By Richard Florida (Senior Editor, The Atlantic)
“What if the modern, post-industrial economy is simply more congenial to women than to men?” asks Hanna Rosin in her widely-discussed Atlantic essay, “The End of Men.”
“The attributes that are most valuable today — social intelligence, open communication, the ability to sit still and focus — are, at a minimum, not predominantly male.” Rosin argues that the post-industrial playing field has been tilting toward attributes associated with women (such as their superior social and communication skills) and away from physical skills essential in industrial and agricultural economies.
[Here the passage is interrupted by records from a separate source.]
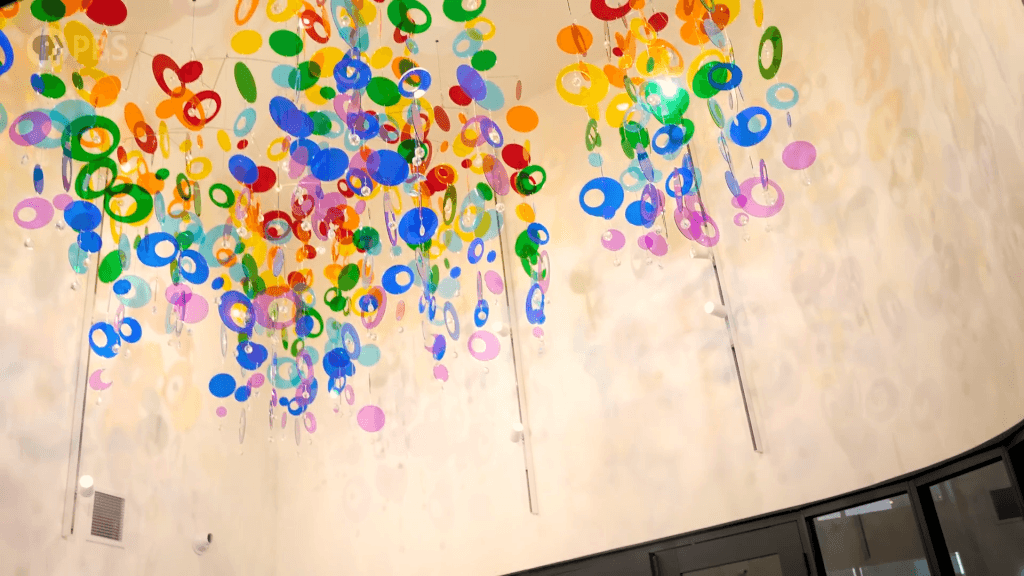 To generate those random numbers, companies use physical displays like these spinning disks...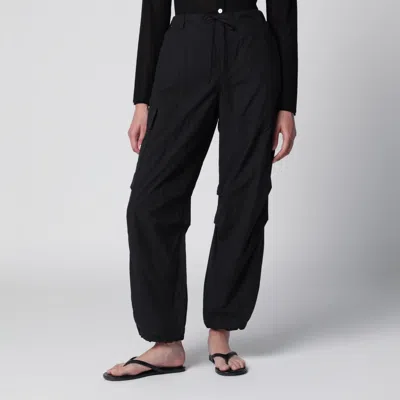 Dunst Black Utility Parachute Trousers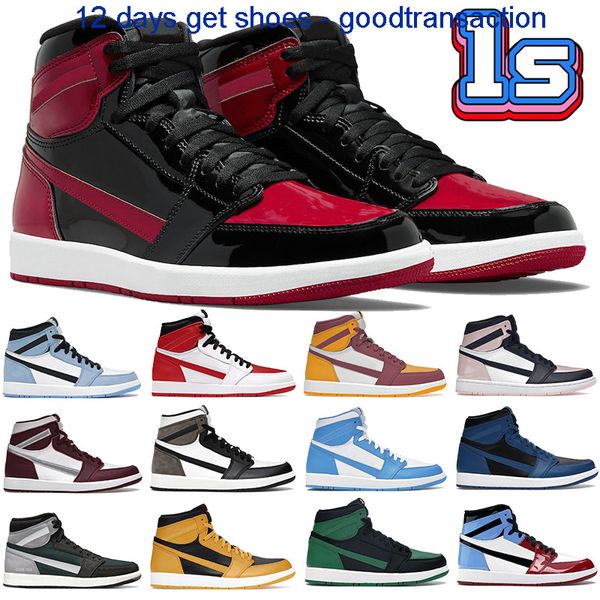 

with original box 3 days ship 1 boots 1s mens basketball shoes patent bred university blue brotherhood hand crafted black white particle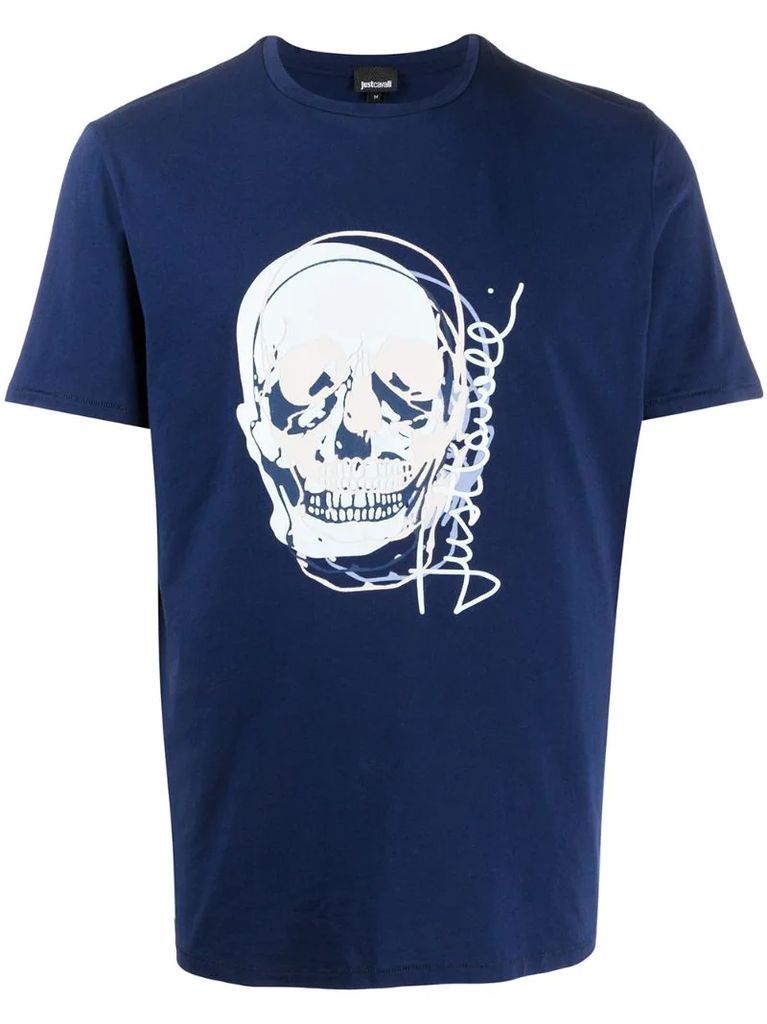 skull-print T-shirt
All this led her to ask rather bluntly, “why wouldn’t you choose a girl?”
The ongoing economic crisis appears to have accelerated this shift, leading some to call it a “mancession.” More than three-quarters of the jobs that were lost over the course of the crisis were held by men, and the unemployment rate has been consistently higher for men than for women. As of February 2010, women made up a larger share of the total U.S. workforce, according to data from the Bureau of Labor Statistics.
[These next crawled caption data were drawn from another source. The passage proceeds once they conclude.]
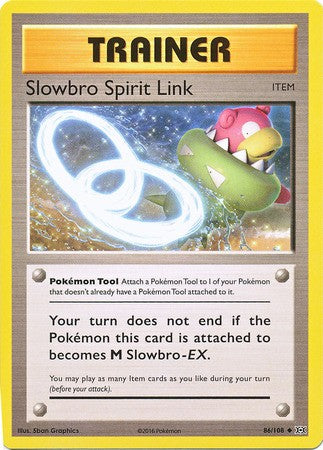 Slowbro Spirit Link 86/108 Uncommon - Pokemon XY Evolutions Single Card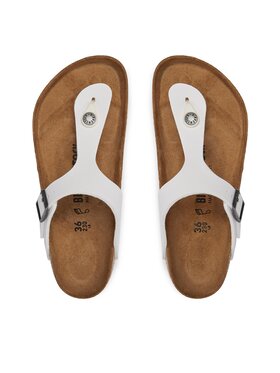 Birkenstock Birkenstock Čības uz pirksta Gizeh 745531 Balts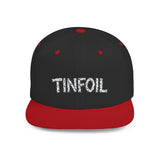 TINFOIL - Hat Funny Conspiracy Theory Pun Alien UFO Lover Punny Sarcastic 6 Panel Flat Snapback Cap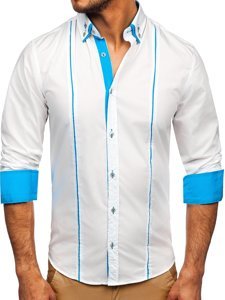 Men's Elegant Long Sleeve Shirt White Bolf 4744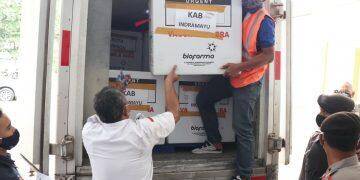 Sudah Tiba, Kabupaten Indramayu Menerima 9.200 vial Vaksin Sinovac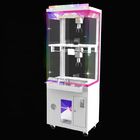 Amusement Center Crane Claw Machine Acrylic Cabint And Tempered Glass Material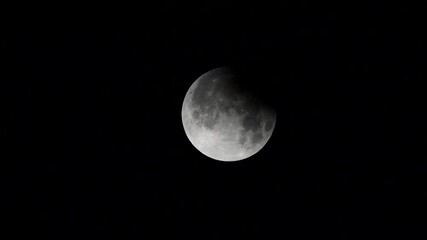 Wall Mural - Partial lunar eclipse Full moon and lunar eclipse Full moon  Super moon 2024 moon in the sky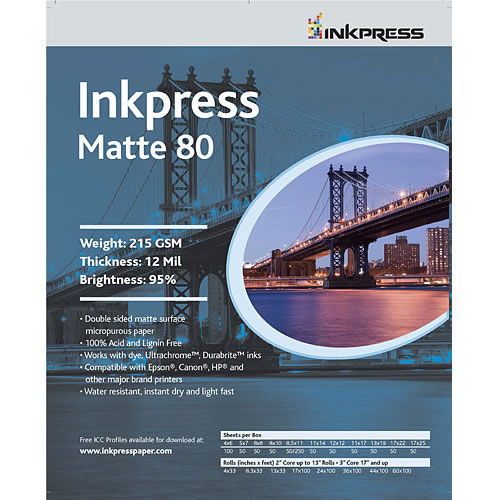 8.5" x 11" Duo Matte 80 215gsm 5 Sheets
Approximately 36 million Americans, or about one third of the workforce, hold creative class jobs. These jobs pay 60 percent more than the average salary and have been far less vulnerable in the recession, averaging just half the level of the overall unemployment rate.
Women hold slightly more than half (52.3 percent) of creative class jobs and their average level of education is almost the same as men. But the pay they receive is anything but equal. Creative class men earn an average of $82,009 versus $48,077 for creative class women. This $33,932 gap is a staggering 70 percent of the average female creative class salary.
Even when we control for hours worked and education in a regression analysis, creative class men out-earn creative class women by a sizable $23,700, or 49.2%.